Ceremonial use of lights in the Roman Catholic Church is conceived as a representation in fire of the life of Christ and of the whole idea of salvation. It is written that at the conversion of St Paul there shone round him a great light from heaven; while the glorified Christ is represented as standing in the midst of seven candlesticks … and his eyes as a flame of fire. Christians were described as children of light, at perpetual war with the powers of darkness. Light, to them, represents the purifying presence of God.
In our current century candles continue to be part of newer winter celebrations, like for example Kwanzaa, which is an African American holiday which runs from December 26 to January 1. A Kinara is used to hold candles. It holds seven candles; three red candles to represent African American struggles, one black candle to represent the African American people and three green candles to represent African American hopes. For the Humanists, the candle is used as a symbol of the light of reason or rationality. The Humanist festival of Human Light which also occurs in December often features a candle-lighting ceremony. A common element of worship in many Unitarian Universalism churches and fellowships is the lighting of candles of joy and concern. Unitarian Universalism also incorporates candle-lighting ceremonies from other spiritual traditions, from which they draw inspiration. A flaming chalice is the most widely used symbol of Unitarianism and Unitarian Universalism, and is, in reality, usually a candle, not an actual chalice of burning oil. Even the Christmas tree, which is possibly adopted from the pagan religions which Christianity incorporated into its rituals, is decorated with candles (or these days with electric lights), and was accepted into Russian culture as a symbol of renewal. In order not to confuse it as a religious symbol, it is used in the new year celebrations, Novigod, on 31st of December and January 1st. It symbolizes the renewal of hope over hardship and darkness.

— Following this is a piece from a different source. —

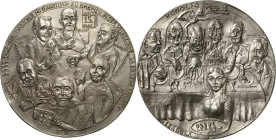 Güttler, Peter-Götz 1939-2024 Silbergussmedaille 2012. 3333 Tage Numismatischer Mittagstisch in der Volksküche in Bremen. Brustbilder von Frits Bodde,...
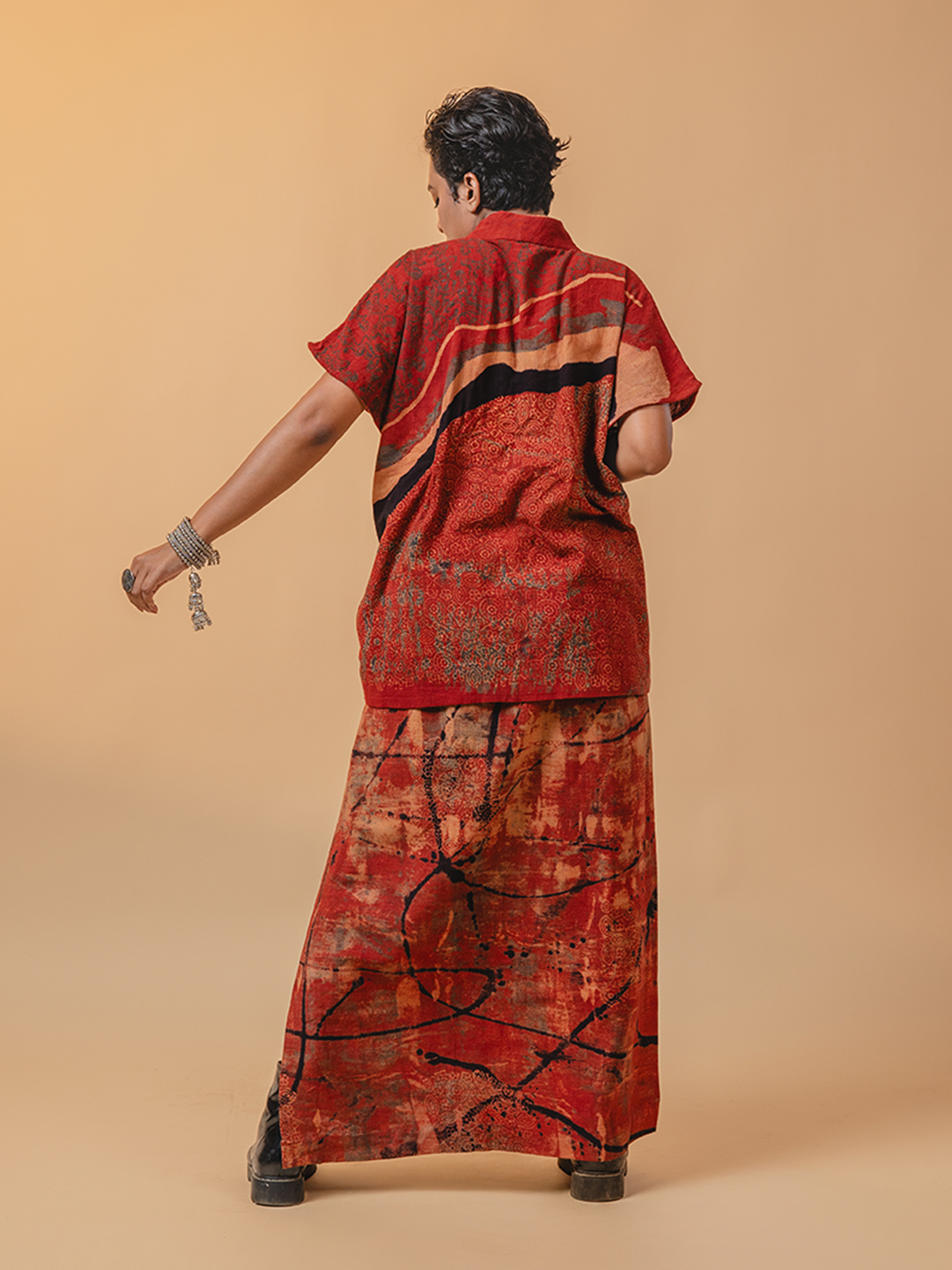 Ajrakh Kala Cotton Kimono Kedia Set Red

At a cosmic as well as at a social and individual level, darkness guarantees the continual existence of light by its regular renewal. In order to appreciate the light, we need to experience the darkness. I light candles every Friday evening to usher in the holiness of the Sabbath and thus perpetuate our connection to our tradition and our ancestors. I light the Chanukah candles to shed some light into the darkness and continue to tell the myths passed down to us from past generations in order to continue the connection. With light and song, we convey to the world the miracle of survival and hope.